Despite the possible medical complications associated with the disease, data from the New England Trophoblastic Disease Center have revealed the changing clinical presentation over time of HM ( Table 34.2 ). This change in clinical presentation of HM was also demonstrated in China and Thailand, suggesting a worldwide phenomenon. Patients are now more likely to present with minimal symptoms; nonetheless, if medical complications are present, the woman should be stabilized, followed by evacuation of the HM as soon as possible.

PHM usually presents incidentally after histopathologic examination of the products of conception from uterine evacuation of a suspected missed or therapeutic abortion. Medical complications such as gestational hypertension, hyperthyroidism, theca lutein cysts, and respiratory distress are rare with PHM. With a low clinical suspicion for PHM, missed diagnosis is a risk, reflecting the importance of a thorough histopathologic examination of curettage specimens to ensure quality care. It is recommended to measure serum or urine HCG level 4 to 6 weeks after uterine evacuation of a suspected missed or therapeutic abortion if symptoms of pregnancy persist (persistent vaginal bleeding or amenorrhea).

Diagnosis

The various symptoms associated with HM, such as vaginal bleeding or a large-for-date uterus, often prompt an ultrasound (US) examination to determine whether a pregnancy is viable. US is the standard imaging modality for the diagnosis of a mole, although CHMs are easier to diagnose by US than PHMs, which are difficult to differentiate from incomplete or missed abortion. A CHM has the appearance on US of multiple hypoechoic foci accompanying an enlarged uterus, the so-called snowstorm appearance ( Fig. 34.4 ). As the molar pregnancy progresses into the second trimester, the anechoic spaces of the molar vesicles become more evident. A transvaginal US may show the interface between molar tissue, endometrium, and dilated vesicles in the first trimester better, but it can worsen vaginal bleeding in the setting of metastatic disease to the vagina. Features suggestive of CHM on US are (1) absence of fetal or embryonic tissue, (2) absence of amniotic fluid, (3) enlarged placenta with multiple cysts, and (4) ovarian theca lutein cysts.

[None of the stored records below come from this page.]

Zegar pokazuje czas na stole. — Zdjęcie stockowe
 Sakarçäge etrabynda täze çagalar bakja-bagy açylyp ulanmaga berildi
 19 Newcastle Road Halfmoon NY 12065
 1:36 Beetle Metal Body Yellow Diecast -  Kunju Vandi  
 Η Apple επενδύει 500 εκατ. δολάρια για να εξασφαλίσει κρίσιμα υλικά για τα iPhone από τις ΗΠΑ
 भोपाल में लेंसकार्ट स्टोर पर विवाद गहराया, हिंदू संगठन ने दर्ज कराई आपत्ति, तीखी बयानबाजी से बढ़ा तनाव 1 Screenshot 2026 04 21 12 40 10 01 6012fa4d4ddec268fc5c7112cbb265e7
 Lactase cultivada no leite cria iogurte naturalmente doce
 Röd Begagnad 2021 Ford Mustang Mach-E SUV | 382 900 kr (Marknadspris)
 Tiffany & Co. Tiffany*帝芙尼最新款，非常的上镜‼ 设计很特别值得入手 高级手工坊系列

Features suggestive of PHM on US are (1) presence of fetal or embryonic tissue, (2) presence of amniotic fluid, (3) abnormal placenta with multiple cysts or increased echogenicity of chorionic villi, (4) increased transverse diameter of gestational sac, and (5) absence of theca lutein cysts ( ).

Although US may be the imaging modality of choice, Fowler and associates reviewed 859 cases of histologically proven HM and have shown that only 44% of cases had a preevacuation US suggesting HM, reinforcing the importance of histologic examination for diagnosis ( ). The accuracy was higher for CHM (79%) than for PHM (29%).